The curtain engaging member 22 includes below the attachment means 24 a weighted member connection portion 26, and an extension portion 27 which extends downwardly from the weighted member connection portion 26 to a lower end 30. The lower end 30 may include an enlarged portion 31 which is the main curtain engaging portion of the member and is spaced below the support rod a sufficient distance to engage the curtain in an area which would be about the normal elbow height of a person standing within the shower area (FIG. 3). The attachment means 24 includes a transversely extending slot 32 formed by the rod-like member forming the curtain engaging member. The transverse slot has a length which is substantially equal to the normal spacing of the shower curtain hooks when the shower curtain is pulled to a closed position. Thus, it can be seen that the curtain engaging member hangs from the shower curtain hooks and as the shower curtain is pulled to the closed condition. The presence of the curtain engaging member does not hinder the curtain hooks from sliding to their normal spaced position so the curtain hangs in the usual manner. When the shower curtain is pulled back to the stored area, the hooks can bunch together in substantially the normal manner with the pair of hooks received in the transverse slot 32 of each of the curtain holding devices being able to move closer together within the transverse slot.

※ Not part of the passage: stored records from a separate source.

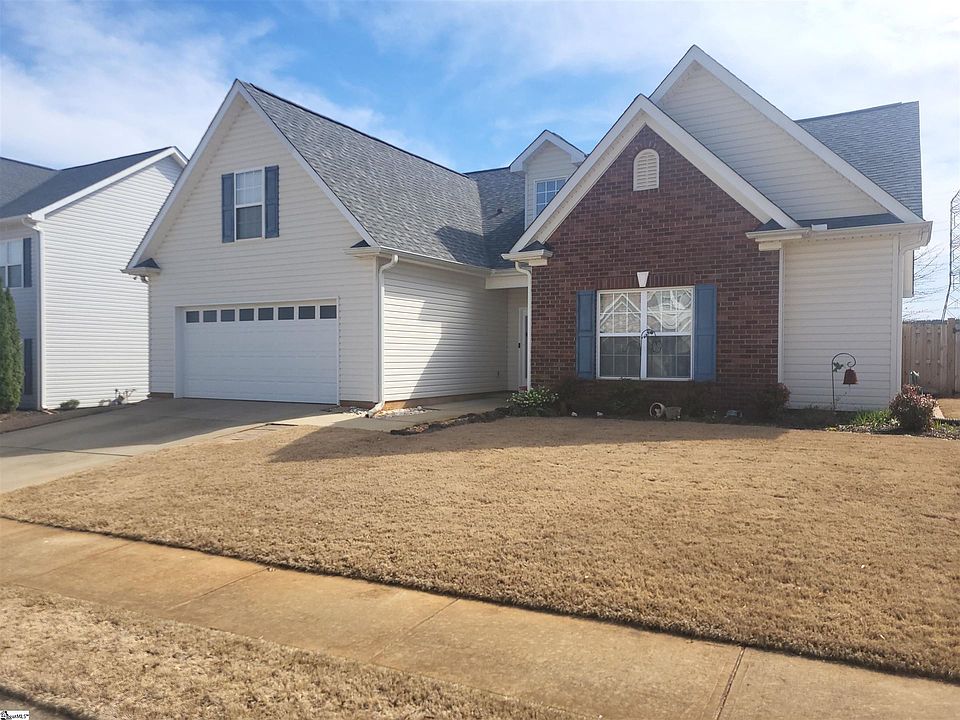 1st image of 10 Hollander Dr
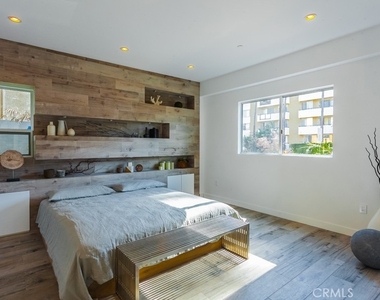 947 4th Street - Photo Thumbnail 11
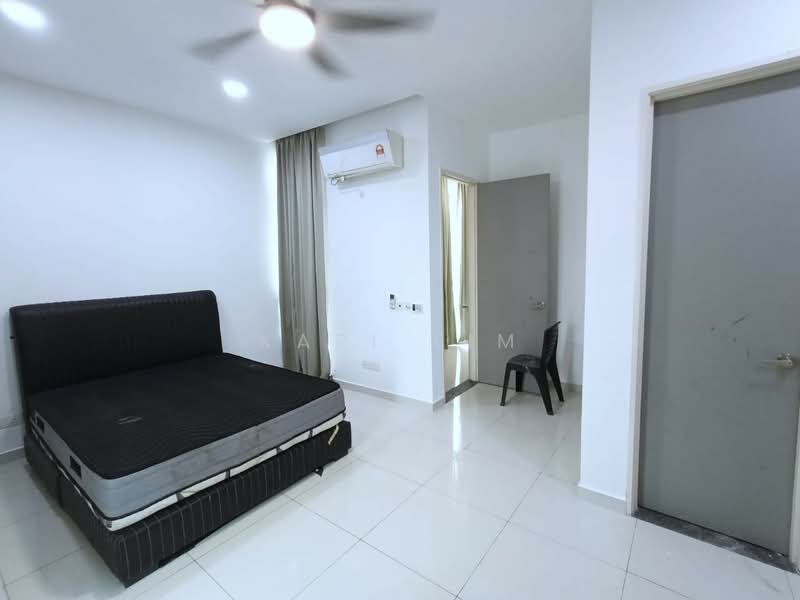 Rumah Teres 2-Tingkat untuk Dijual di Taman Eco Cascadia (Tebrau) - Karl Lim - Bedroom - PropertyGuru.com.my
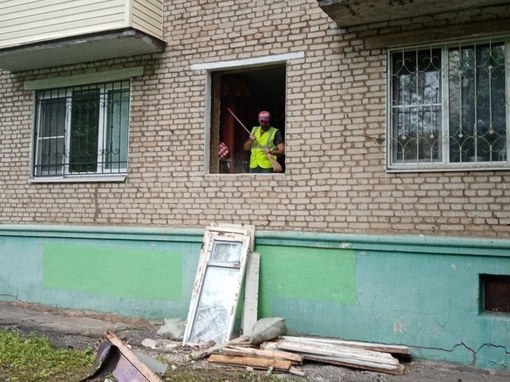 В Сергиево-Посадском городском округе началась замена окон в пострадавших от взрыва квартирах  Более 400..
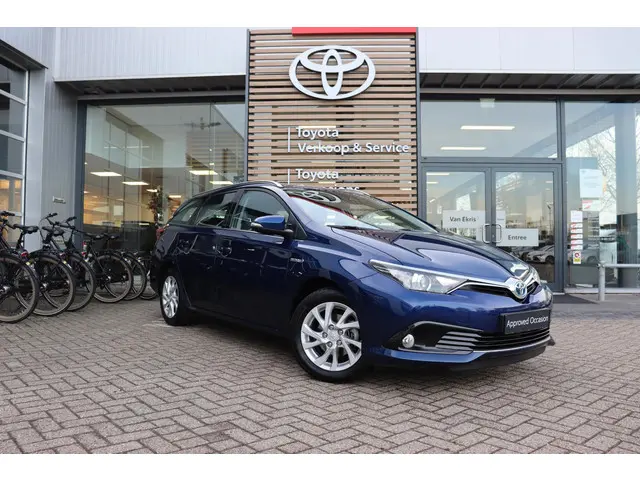 toyota-auris-touring-sports-1.8-hybrid-active--cruise-control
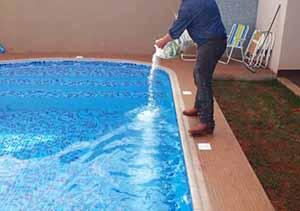 Equipo de cloración salina para el tratamiento del agua de una piscina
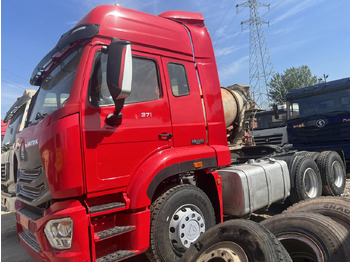 SINOTRUK Sattelzugmaschine
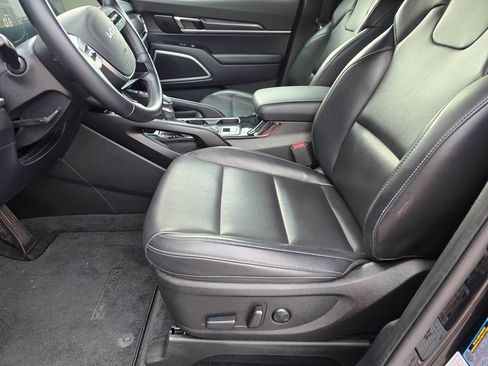 Used 2025 Kia Telluride S AWD/4WD image 10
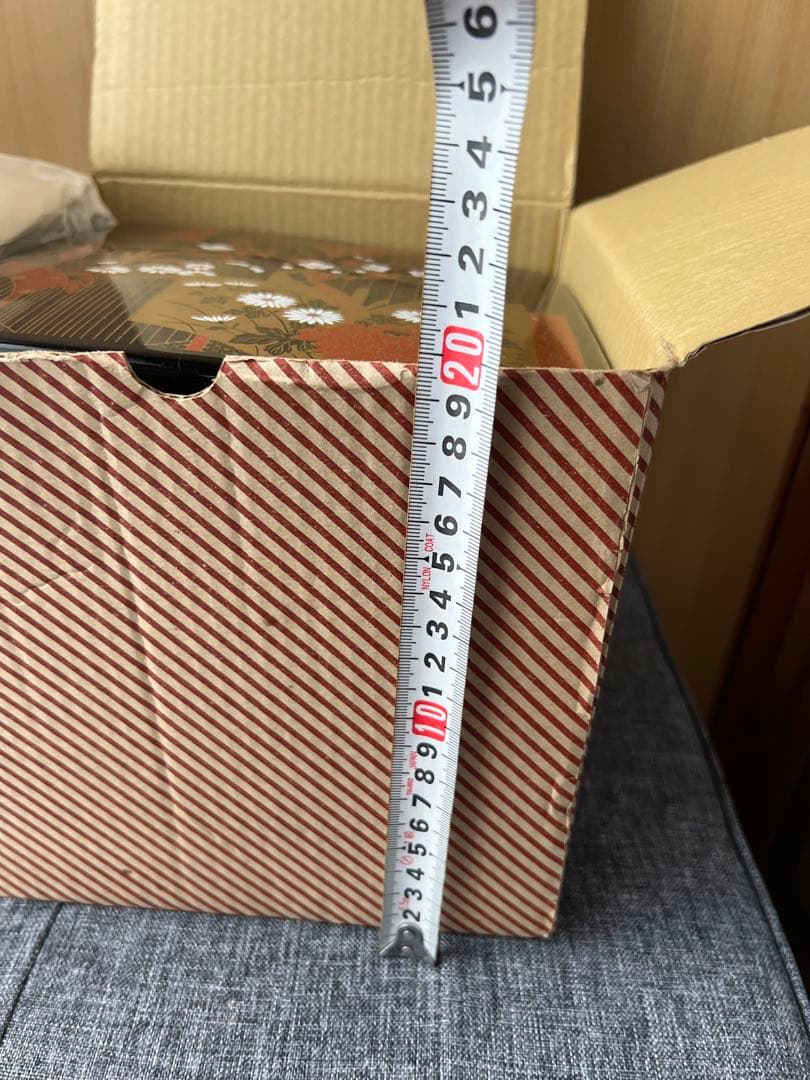 漆器重箱 3層 ❣️花柄 黒金　おせち　お正月　イベント　パーティ〜❣️ お菓子　和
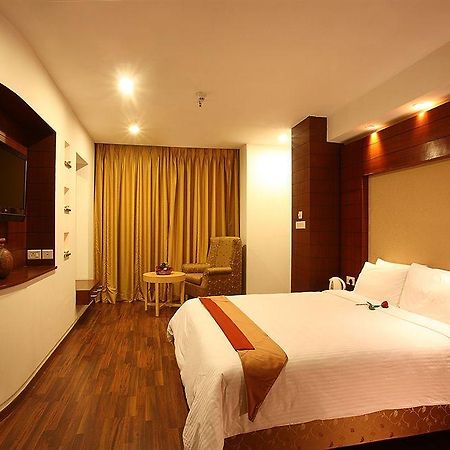 Katriya De Royal Hotel Hyderabad Exterior foto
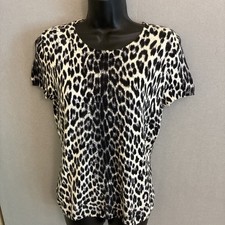 Ann Taylor knit sweater Size Medium women, excellent condition - Hand wash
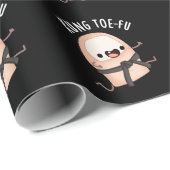 Kung Toe-fu Funny Big Toe Pun Dark BG Cadeaupapier (Rol Hoek)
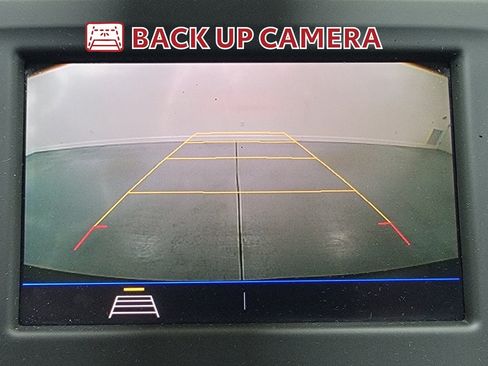 Used 2020 Chevrolet Equinox LS w/ LS Convenience Package FWD image 22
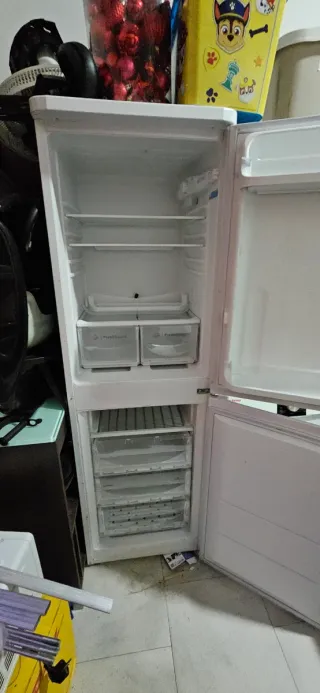 Nevera Indesit 176 cm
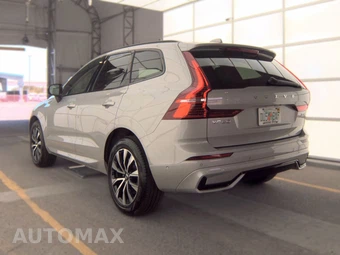 2025 Volvo XC60 B5 Plus - miniatura 6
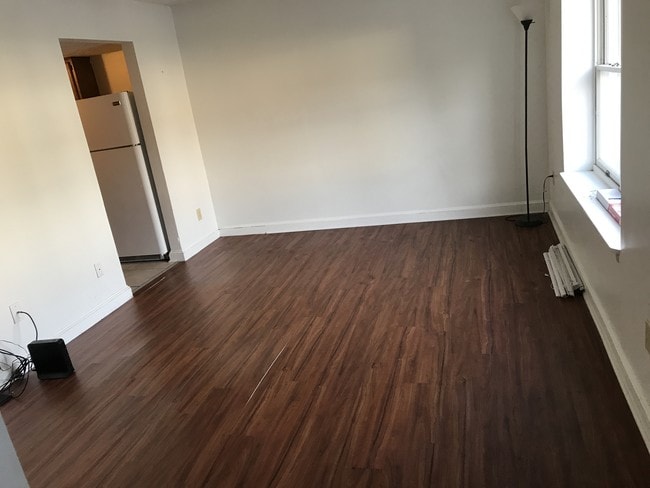 Living room - 9448 Lexington Cir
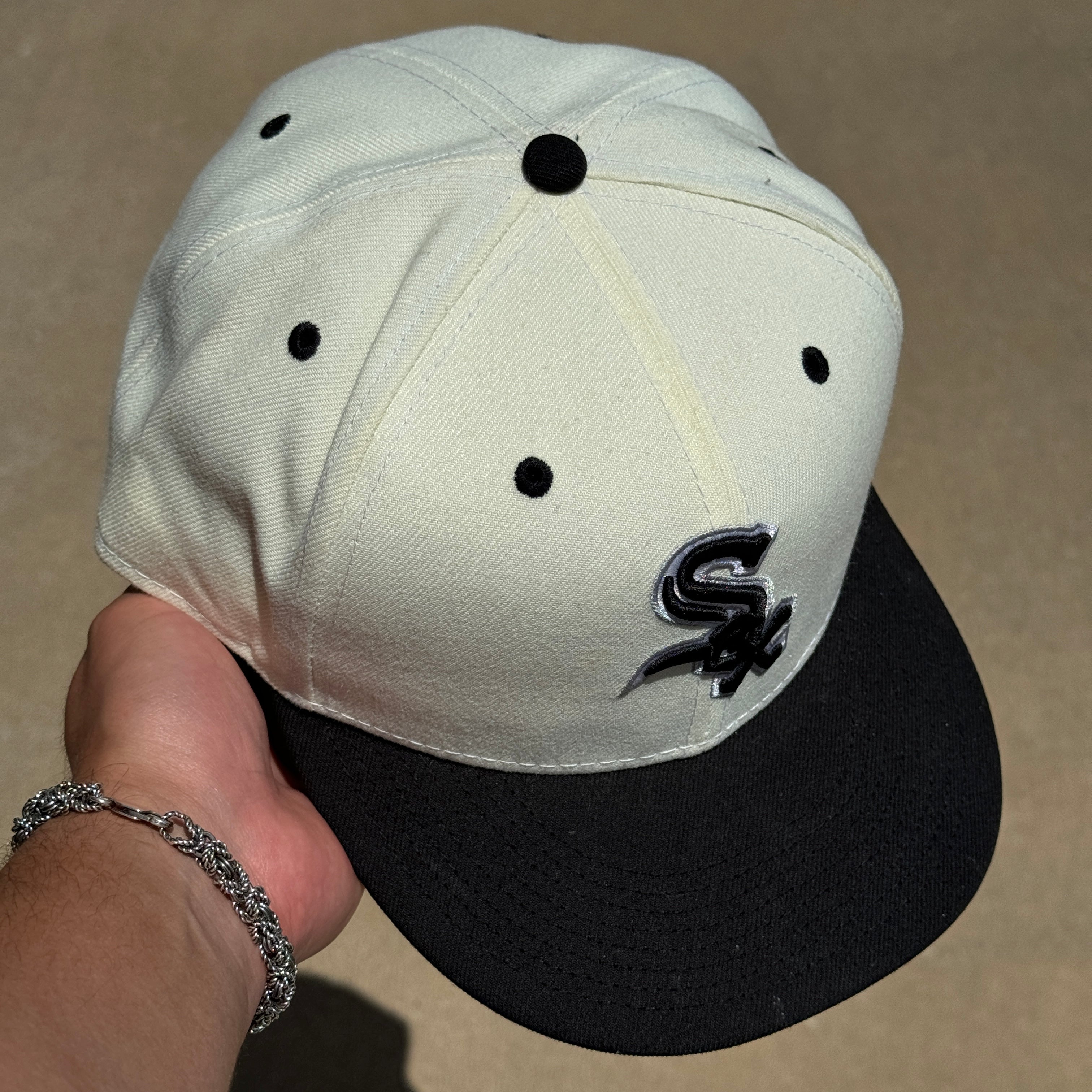 USED 8 Chrome Chicago White Sox Simple Clean Dope 59fifty New Era Fitted Hat Cap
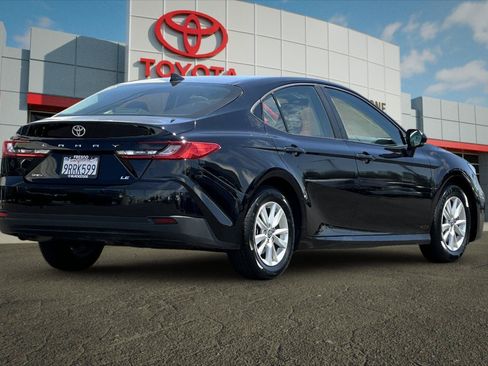 Used 2025 Toyota Camry LE FWD image 3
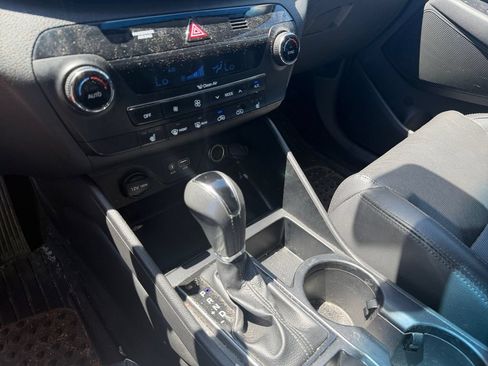 Used 2018 Hyundai Tucson SEL Plus AWD/4WD image 31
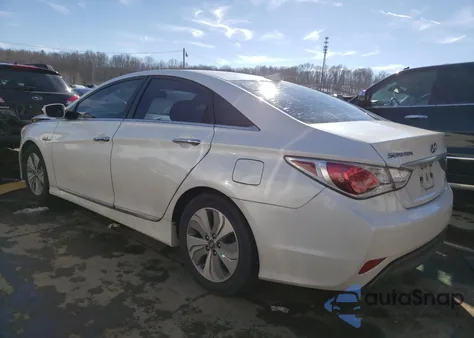 2013 Hyundai Sonata Hybrid z USA, uszkodzony, nr VIN KMHEC4A45DA097648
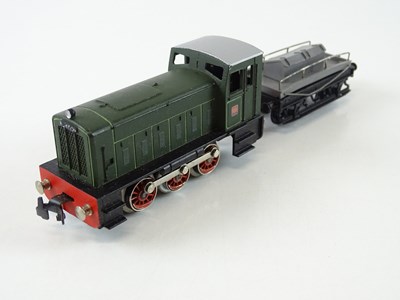 Lot 521 - A TRIX TWIN 244 Diesel Shunter set containing...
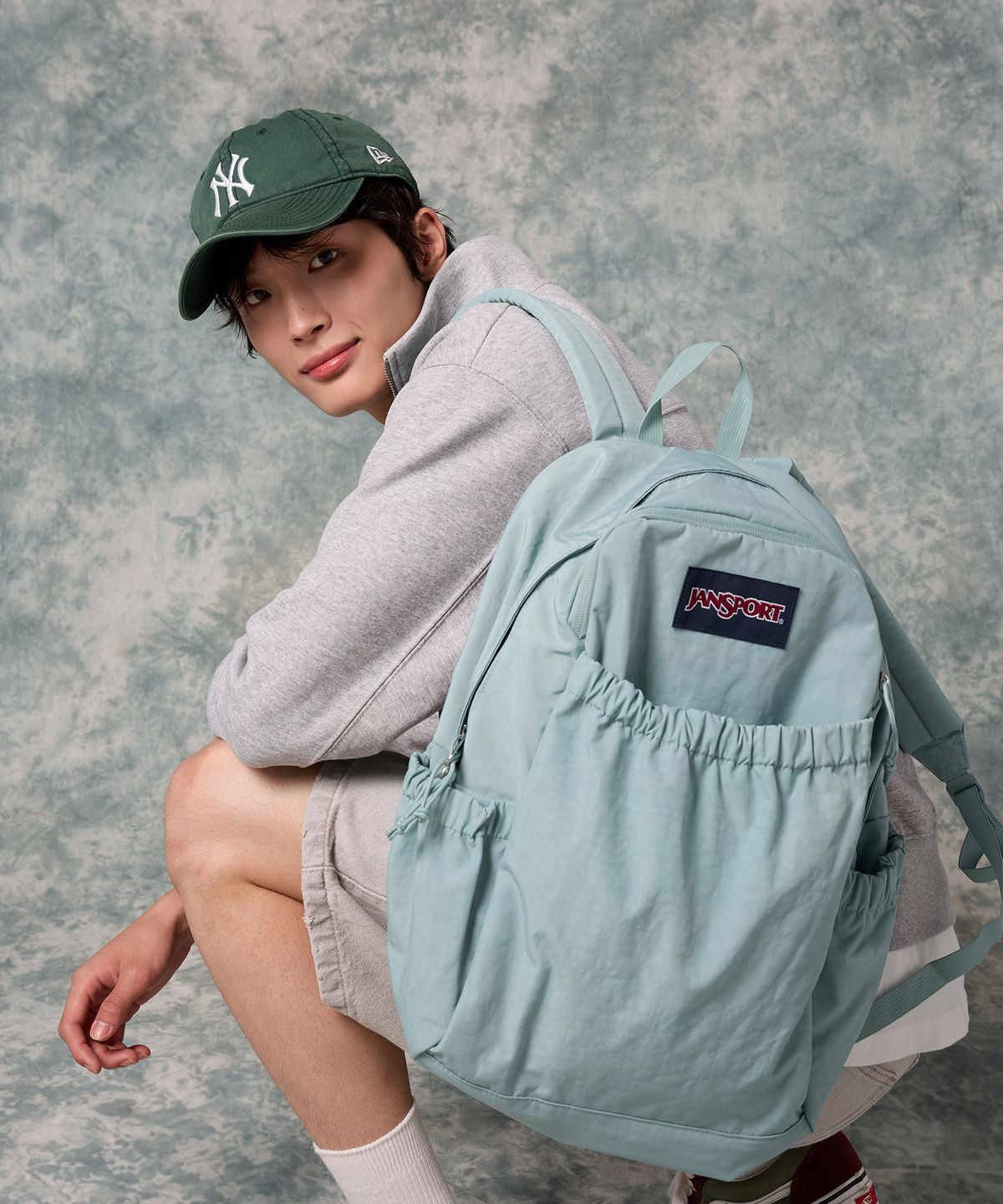 잔스포츠(JANSPORT) 슬라우치팩 FADED SAGE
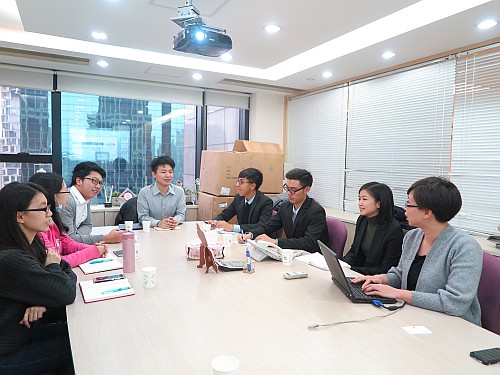 圖示魏永紅與香港大學和香港科技大學學生探討香港旅遊業面臨的機遇和挑戰。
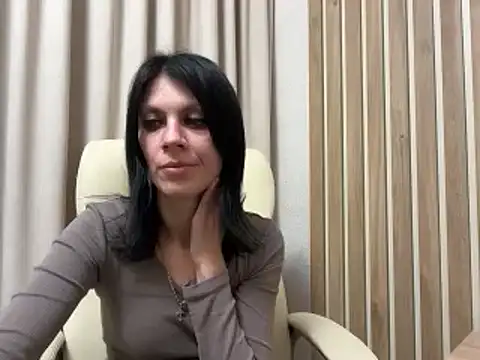 Snapshot of InjaAtHome chatting on 10/13/25, 05:57 InjaAtHome online show from 10/13/25, 05:57
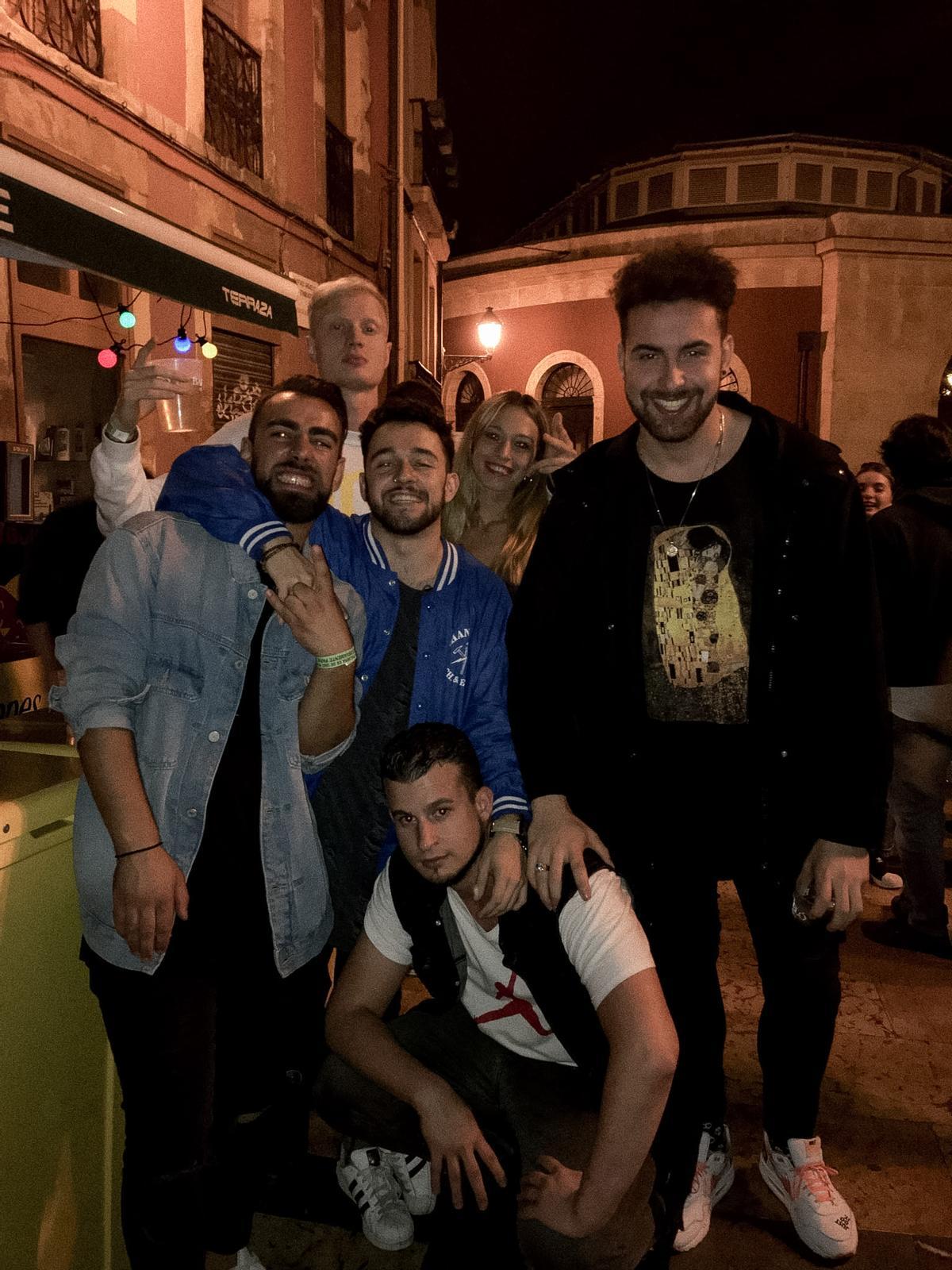 Con sus amigos asturianos, de fiesta en San Mateo en 2018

Formed integrally with the attachment means 24 is a pair of parallel side rods 33 which extend downwardly and form therebetween an elongated vertical slot 34. The parallel side rods converge at the bottom end of the vertical slot 34 and are formed integrally into extension portion 27. The upper end of the vertical slot 34 is separated from the transverse slot 32 by a short cross bar 35.
In the embodiment shown in FIG. 10, there is provided, as an alternative to the single slot 34 described above, a slot having a lower slot portion 34, which is longitudinally aligned with the upper slot portion 34, the slot portions being separated by a second or a lower cross bar 35a.
The weighted member 23 is attached, as indicated above, at its inner end to the curtain engaging member 23. The weighted member has an elongated stem portion 36 at its inner end, and this terminates in a head portion 37, which may be in a form of a short transverse rod. The stem portion 36, which extends through the vertical slot 34 is of slightly less width or diameter than the width of the vertical slot so that it may move through the slot and slide along the slot without being hindered. The head portion 37, however, is of greater width than the vertical slot so that the inner end of the weighted member cannot be pulled through the slot. The short transverse bar forming the head portion 37 may also be of slightly less diameter than the width of the vertical slot 34 so that the weighted member 23 may be turned sideways for insertion of the head portion through the vertical slot and then turned back to a position in a vertical plain common to the curtain engaging member so that the head portion or short transverse rod extends transversely behind the parallel side rods 33.
The stem portion 36 at the inner end of the weighted member 23 is formed integrally at its outer end with an elongated intermediate portion 40 of the weighted member, the elongated intermediate portion 40 extending at an obtuse angle relative to the stem portion 36. The angle between the intermediate portion 40 and the stem portion 36 is selected so that when the weighted member is attached to the curtain engaging member in an activated position, and the stem portion 36 is positioned substantially parallel to and immediately adjacent the upper end of the curtain engaging member, the elongated intermediate portion 40 extends inwardly relative to the shower area but in an upward direction as is best illustrated in FIG. 7. At the opposite end of the intermediate portion 40, an outer end portion 41 is formed integrally with the stem portion and turns back in the same direction as the stem portion 36 but at a sharper angle. The outer end portion 41 is formed integrally with the weight portion 25 in a substantially U-shaped configuration.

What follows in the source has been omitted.